The role of temperature and Coulomb correlation in stabilization of CsCl-phase in FeS under pressure
A.O. Shorikov, V.V. Roizen, A.R. Oganov, V.I. Anisimov

TL;DR
This study investigates how temperature and electron correlations influence the stability of the CsCl-phase in FeS under high pressure, resolving discrepancies between experiments and theoretical predictions relevant to planetary core models.
Contribution
The paper demonstrates that including electron correlations and entropic effects explains the experimentally observed CsCl-phase stability in FeS at high pressures.
Findings
Electron correlations are crucial for phase stability.
Entropic effects stabilize the CsCl-phase.
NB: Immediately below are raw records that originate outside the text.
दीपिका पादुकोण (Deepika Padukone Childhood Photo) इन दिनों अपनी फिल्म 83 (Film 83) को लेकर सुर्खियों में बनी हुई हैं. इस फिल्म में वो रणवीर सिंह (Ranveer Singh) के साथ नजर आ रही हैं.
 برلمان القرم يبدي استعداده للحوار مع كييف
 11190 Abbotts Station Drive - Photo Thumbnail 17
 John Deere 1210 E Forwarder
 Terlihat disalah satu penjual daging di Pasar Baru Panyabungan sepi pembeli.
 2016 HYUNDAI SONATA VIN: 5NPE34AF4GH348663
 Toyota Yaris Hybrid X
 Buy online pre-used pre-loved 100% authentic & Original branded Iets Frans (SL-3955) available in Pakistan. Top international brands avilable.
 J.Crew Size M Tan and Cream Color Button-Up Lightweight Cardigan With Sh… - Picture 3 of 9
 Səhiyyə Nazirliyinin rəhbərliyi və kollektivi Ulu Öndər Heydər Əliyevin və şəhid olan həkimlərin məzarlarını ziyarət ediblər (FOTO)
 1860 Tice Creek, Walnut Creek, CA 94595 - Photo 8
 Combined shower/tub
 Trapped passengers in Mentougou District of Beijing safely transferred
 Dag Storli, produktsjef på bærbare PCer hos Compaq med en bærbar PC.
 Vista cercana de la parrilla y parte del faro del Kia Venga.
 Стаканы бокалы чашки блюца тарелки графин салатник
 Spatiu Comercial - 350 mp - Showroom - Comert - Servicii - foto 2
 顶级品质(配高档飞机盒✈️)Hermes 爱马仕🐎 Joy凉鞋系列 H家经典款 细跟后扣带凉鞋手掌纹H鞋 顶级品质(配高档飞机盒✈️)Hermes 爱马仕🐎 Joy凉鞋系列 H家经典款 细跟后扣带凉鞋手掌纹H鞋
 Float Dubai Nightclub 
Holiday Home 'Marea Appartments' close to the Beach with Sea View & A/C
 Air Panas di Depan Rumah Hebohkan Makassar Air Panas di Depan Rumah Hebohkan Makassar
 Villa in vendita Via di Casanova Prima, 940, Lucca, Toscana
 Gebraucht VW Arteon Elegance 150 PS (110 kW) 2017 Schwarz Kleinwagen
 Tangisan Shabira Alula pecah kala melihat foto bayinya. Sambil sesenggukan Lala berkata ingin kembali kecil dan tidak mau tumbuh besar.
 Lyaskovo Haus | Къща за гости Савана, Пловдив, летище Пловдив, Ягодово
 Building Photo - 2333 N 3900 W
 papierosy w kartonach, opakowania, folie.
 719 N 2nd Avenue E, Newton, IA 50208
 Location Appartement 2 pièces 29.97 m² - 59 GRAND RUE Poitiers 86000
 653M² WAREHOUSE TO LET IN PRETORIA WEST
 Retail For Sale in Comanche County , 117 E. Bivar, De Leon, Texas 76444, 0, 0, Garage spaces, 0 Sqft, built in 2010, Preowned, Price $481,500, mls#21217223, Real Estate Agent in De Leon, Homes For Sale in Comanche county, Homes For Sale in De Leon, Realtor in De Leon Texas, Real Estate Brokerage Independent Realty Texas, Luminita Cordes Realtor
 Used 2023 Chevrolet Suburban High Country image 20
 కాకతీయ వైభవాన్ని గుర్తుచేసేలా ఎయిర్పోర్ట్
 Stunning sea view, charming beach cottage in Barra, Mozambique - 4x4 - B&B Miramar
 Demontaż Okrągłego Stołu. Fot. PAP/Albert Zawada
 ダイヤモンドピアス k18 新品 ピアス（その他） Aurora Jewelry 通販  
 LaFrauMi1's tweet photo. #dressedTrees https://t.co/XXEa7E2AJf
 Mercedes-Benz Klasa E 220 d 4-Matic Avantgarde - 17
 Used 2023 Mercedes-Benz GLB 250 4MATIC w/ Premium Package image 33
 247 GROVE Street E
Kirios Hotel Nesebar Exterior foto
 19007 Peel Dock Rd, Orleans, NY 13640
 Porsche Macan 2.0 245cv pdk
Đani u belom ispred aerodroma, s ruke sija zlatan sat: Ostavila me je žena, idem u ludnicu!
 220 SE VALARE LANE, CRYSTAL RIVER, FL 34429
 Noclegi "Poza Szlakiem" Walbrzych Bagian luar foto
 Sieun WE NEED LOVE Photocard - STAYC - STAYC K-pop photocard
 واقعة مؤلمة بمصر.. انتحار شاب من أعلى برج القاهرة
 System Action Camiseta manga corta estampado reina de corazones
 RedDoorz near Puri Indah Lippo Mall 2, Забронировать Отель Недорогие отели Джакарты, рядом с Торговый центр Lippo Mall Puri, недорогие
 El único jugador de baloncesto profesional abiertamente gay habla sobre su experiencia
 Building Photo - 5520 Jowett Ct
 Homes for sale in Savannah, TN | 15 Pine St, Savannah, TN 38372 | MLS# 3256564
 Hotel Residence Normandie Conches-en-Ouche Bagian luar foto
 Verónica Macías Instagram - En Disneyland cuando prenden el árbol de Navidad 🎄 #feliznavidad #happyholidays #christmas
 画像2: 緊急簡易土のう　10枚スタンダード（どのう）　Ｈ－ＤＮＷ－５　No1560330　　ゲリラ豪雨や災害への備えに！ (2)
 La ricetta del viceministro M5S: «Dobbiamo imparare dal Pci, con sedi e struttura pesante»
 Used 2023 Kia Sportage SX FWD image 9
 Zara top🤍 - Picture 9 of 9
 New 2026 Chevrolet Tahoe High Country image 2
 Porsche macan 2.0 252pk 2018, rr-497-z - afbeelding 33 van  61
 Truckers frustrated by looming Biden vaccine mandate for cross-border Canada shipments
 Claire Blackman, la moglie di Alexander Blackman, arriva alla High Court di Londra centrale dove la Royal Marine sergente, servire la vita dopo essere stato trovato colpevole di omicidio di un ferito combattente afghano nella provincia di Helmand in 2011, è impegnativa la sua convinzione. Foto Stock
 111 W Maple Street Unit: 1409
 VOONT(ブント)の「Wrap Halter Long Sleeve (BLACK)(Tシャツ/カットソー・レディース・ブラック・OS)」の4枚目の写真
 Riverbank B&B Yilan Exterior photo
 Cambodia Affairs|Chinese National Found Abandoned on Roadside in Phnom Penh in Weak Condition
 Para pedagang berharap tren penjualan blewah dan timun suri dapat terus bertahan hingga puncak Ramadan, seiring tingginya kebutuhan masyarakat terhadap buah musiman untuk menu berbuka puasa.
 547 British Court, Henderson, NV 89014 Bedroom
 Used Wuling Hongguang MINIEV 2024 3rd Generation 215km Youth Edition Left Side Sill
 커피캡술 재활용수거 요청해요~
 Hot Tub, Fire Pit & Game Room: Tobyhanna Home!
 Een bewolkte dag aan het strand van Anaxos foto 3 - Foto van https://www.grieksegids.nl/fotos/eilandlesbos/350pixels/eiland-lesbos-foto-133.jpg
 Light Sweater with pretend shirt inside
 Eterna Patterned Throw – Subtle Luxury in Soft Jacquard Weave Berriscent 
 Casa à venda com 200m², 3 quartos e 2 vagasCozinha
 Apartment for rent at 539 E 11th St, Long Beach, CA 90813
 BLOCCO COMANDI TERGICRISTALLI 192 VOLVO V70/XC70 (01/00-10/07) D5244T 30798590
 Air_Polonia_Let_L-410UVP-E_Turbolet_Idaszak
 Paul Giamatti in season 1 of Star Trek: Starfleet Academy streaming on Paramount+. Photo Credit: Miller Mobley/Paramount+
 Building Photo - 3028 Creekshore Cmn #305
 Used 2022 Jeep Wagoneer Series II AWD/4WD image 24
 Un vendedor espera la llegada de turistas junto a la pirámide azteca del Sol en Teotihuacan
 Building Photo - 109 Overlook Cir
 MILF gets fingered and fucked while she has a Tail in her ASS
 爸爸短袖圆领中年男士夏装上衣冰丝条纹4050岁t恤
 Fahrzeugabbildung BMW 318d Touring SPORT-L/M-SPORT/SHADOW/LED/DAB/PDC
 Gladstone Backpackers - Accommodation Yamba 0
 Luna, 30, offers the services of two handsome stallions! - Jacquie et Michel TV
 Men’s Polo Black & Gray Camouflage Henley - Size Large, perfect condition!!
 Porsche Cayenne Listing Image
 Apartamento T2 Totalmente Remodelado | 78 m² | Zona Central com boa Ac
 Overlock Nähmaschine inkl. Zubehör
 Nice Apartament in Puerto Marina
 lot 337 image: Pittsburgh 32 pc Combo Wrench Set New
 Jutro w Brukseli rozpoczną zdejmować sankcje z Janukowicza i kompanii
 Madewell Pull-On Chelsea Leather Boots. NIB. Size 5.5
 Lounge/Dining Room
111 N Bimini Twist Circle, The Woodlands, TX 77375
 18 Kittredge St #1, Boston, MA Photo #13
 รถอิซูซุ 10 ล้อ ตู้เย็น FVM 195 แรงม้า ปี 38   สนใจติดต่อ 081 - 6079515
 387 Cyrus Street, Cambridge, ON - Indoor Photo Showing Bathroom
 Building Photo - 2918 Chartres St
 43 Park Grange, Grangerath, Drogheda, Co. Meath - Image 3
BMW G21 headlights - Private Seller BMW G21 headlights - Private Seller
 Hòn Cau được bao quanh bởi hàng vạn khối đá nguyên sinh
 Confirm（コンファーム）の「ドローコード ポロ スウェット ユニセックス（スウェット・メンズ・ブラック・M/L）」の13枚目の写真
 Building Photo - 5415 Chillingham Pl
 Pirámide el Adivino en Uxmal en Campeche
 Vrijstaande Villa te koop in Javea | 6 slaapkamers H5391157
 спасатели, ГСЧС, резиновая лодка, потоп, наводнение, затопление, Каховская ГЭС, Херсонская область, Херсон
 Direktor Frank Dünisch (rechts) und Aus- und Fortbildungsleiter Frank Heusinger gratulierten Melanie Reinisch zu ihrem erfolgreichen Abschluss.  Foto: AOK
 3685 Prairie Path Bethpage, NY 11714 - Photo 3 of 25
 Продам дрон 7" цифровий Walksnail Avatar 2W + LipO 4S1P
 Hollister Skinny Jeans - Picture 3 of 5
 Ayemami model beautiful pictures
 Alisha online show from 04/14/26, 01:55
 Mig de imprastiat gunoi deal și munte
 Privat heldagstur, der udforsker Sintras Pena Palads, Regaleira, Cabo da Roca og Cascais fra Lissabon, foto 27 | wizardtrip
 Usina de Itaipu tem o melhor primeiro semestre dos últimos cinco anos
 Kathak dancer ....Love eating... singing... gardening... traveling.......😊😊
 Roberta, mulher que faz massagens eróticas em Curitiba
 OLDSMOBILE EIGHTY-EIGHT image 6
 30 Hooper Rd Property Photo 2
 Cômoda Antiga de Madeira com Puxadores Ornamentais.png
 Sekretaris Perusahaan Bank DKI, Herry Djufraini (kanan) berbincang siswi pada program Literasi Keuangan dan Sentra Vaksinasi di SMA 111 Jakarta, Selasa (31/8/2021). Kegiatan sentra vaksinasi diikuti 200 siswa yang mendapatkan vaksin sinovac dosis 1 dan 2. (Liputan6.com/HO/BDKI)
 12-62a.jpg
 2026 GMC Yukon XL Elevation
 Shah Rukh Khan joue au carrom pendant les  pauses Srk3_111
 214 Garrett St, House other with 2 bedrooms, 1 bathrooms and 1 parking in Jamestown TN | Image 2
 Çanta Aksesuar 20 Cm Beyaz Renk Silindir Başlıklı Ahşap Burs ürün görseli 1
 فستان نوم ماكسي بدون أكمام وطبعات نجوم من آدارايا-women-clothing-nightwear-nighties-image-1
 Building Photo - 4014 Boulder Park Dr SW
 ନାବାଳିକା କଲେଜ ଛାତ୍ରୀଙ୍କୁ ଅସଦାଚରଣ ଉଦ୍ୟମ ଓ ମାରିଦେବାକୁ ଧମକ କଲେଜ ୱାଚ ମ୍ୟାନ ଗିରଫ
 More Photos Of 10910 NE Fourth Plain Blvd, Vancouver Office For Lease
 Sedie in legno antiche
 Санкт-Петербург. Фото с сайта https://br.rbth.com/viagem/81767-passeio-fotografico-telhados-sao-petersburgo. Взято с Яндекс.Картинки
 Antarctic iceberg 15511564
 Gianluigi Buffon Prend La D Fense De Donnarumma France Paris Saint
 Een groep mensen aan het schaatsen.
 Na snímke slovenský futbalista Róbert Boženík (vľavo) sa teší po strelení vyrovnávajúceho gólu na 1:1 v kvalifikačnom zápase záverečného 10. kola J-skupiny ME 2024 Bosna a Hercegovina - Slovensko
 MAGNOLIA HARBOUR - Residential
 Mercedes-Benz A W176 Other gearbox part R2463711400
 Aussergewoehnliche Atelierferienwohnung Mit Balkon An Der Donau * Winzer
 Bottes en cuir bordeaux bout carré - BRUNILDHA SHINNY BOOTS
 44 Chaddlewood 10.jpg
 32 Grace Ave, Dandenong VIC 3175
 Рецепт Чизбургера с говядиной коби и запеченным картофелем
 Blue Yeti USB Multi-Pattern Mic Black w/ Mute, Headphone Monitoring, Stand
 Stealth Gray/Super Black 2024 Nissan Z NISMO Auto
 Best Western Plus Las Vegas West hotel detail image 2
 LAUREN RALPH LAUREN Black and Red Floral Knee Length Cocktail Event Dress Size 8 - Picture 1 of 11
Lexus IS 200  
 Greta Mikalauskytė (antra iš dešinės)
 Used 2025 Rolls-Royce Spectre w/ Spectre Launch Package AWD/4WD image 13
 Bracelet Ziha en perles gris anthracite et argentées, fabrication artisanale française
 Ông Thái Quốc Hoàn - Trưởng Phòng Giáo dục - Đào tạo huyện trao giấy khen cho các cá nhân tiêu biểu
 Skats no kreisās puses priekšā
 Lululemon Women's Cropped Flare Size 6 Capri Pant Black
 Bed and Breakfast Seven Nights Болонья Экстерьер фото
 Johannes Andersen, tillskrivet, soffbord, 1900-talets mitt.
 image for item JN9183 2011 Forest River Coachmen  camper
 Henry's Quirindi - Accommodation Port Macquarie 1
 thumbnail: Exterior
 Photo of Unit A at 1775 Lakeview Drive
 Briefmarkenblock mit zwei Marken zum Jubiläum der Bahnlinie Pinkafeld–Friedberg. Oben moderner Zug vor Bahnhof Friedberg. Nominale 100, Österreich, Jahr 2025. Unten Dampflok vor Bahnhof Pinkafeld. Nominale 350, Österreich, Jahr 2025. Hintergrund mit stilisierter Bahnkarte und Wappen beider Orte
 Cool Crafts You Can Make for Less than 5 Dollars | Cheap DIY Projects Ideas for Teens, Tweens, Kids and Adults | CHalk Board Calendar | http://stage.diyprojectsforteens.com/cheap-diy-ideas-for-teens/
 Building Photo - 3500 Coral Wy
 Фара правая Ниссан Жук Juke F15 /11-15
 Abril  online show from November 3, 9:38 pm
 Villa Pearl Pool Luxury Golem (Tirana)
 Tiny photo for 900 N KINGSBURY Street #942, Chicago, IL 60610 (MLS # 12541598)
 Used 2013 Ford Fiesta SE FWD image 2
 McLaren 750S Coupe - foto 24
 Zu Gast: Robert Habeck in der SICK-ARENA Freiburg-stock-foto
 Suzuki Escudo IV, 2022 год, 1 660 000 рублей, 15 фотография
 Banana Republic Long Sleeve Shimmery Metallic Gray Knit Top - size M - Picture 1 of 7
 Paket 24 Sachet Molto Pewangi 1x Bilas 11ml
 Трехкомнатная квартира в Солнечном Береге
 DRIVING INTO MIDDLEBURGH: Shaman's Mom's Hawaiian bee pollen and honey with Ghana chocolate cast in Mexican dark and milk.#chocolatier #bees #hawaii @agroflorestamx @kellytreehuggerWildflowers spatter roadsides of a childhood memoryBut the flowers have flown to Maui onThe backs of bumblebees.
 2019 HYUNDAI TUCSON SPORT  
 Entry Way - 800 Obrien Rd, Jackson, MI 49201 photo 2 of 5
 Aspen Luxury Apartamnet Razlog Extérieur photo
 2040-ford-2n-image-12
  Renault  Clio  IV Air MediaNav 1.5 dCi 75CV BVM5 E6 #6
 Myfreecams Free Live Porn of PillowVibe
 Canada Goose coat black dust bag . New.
Discrepancy between theory and experiment is resolved.
Abstract
The iron-sulfur system is important for planetary interiors and is intensely studied, particularly for better understanding of the cores of Mars and Earth. Yet, there is a paradox about high-pressure stability of FeS: ab initio global optimization (at DFT level) predicts a Pmmn phase (with a distorted rocksalt structure) to be stable at pressures above ~120 GPa, which has not yet been observed in the experiments that instead revealed a CsCl-type phase which, according to density functional calculations, should not be stable. Using quasiharmonic free energy calculations and the dynamical mean field theory, we show that this apparent discrepancy is removed by proper account of electron correlations and entropic effects.